Tuesday, June 8, 2010

Portomarin: Mother Nature and Cake

Snakes. Why´d it have to be snakes?

-Indiana Jones


Rain. Why´d it have to be rain?

- Mike Diamente


The brave group of pilgrims from Fordham University awoke in Sarria today to cloudy skies, a wet ground, and rain on the forcast for the foreseeable future. Undeterred however, the group set out to our next destination, the glorious city of Portomarin.


The rain held out for a good while, with the cloud cover keeping everyone cool, and morning coffee assuring that everyone was warm. Today´s walk took us through a variety of landscapes, starting with an uphill climb through areas of thick forests (in which my first Camino traffic jam occured. It involved two bikers and a steep hill) straight out of an enchanted Disney universe, and across rolling dairy fields with countless number of cows.

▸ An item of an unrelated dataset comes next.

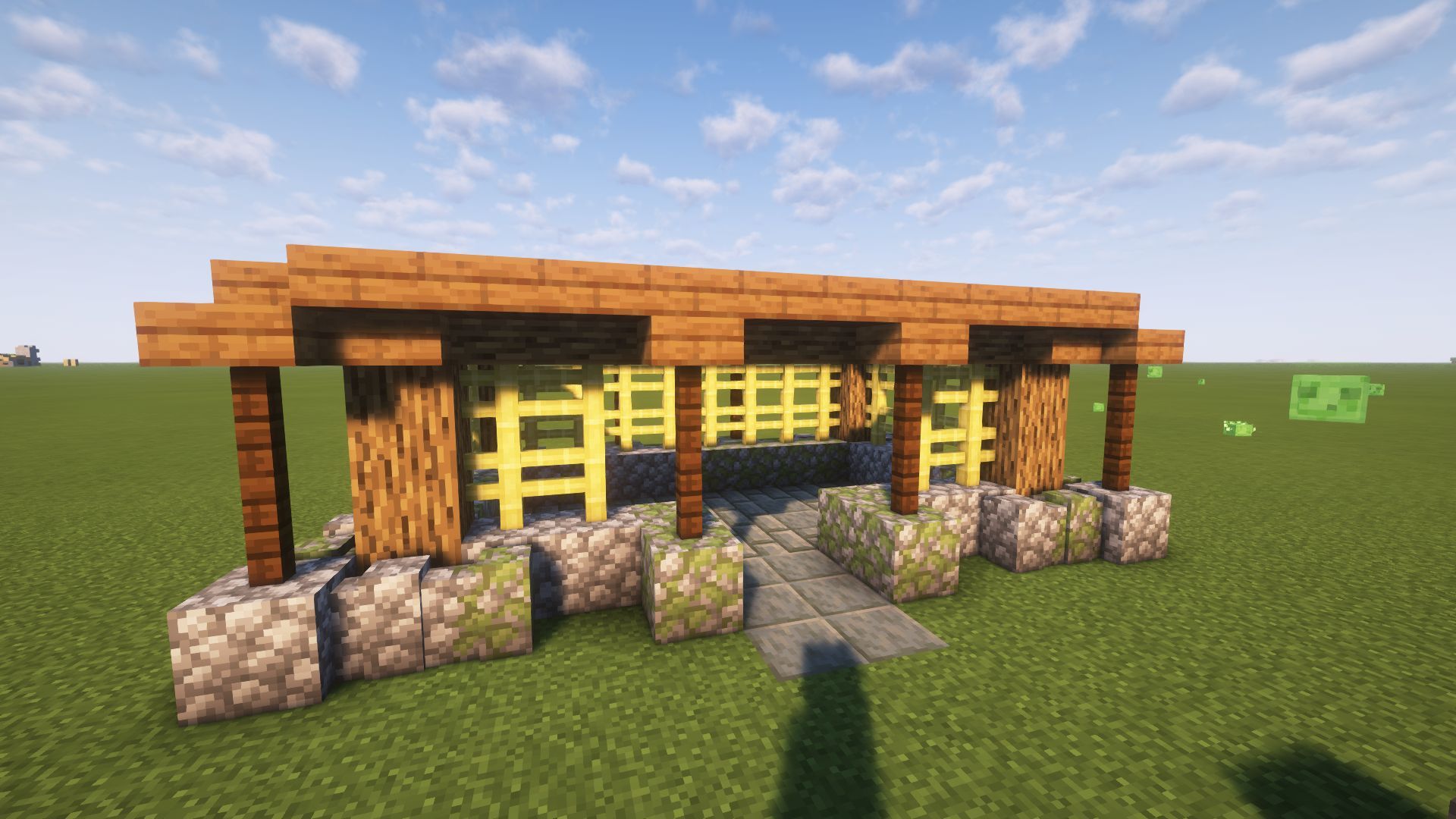 The open-aesthetic walls of the store (Image via Mojang)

Along the way to Portomarin our group passed a road marker showing that we were 100 kilometers away from Santiago. According to the Church, 100 kilometers is the minimum distance that one has to walk in order to obtain the same indulgences and spiritual rewards as someone who walks any other greater distance.


Before I continue I must say that both the Kevins had a rough day today. While making his trip to Portomarin, Kevin S. unfortunately was unable to avoid the fresh droppings of a cow, while Kevin C. had water and wine spilled on him at lunch.

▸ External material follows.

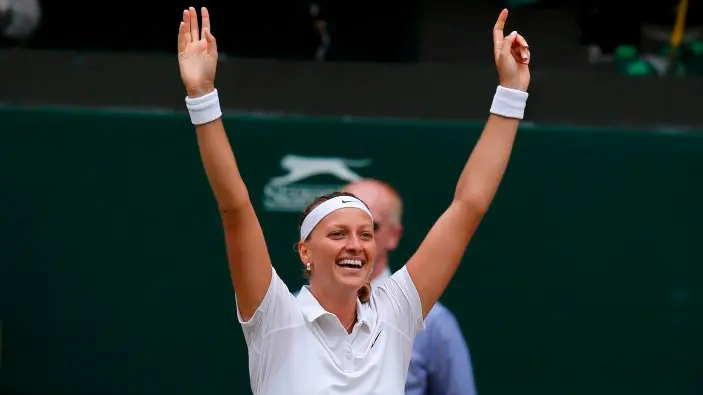 Tennis: Kvitova mauls Bouchard to claim Wimbledon crown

Once we reached Portomarin I felt I was obligated to start off our tour in style. We unofficially began our tour at a local bar after lunch, where everyone in the group tasted a local traditionally made liquor that was 100 proof. This liquor is not regulated by the Spainish government in any way, as long as it is made using traditional equipment and techniques. Although many did not like the moonshine, it was good to see everyone trying something unusual together as a group.

Since the city of Portomarin is the unofficial captial of the Spanish dessert cake ¨Tarta de Santiago,¨ I felt that I should provide my fellow pilgrims with some to start off our tour. With our taste buds satisfied I was able to start the tour of the city.

The city of Portomarin was originally built on either side of the river Mino, the largest river in Galacia. People began to settle there in the 12th century becuase of the bridge built by the Romans. The left bank of the river was known as the town of San Pedro de Portomarin, and the right bank was known as San Juan de Portomarin.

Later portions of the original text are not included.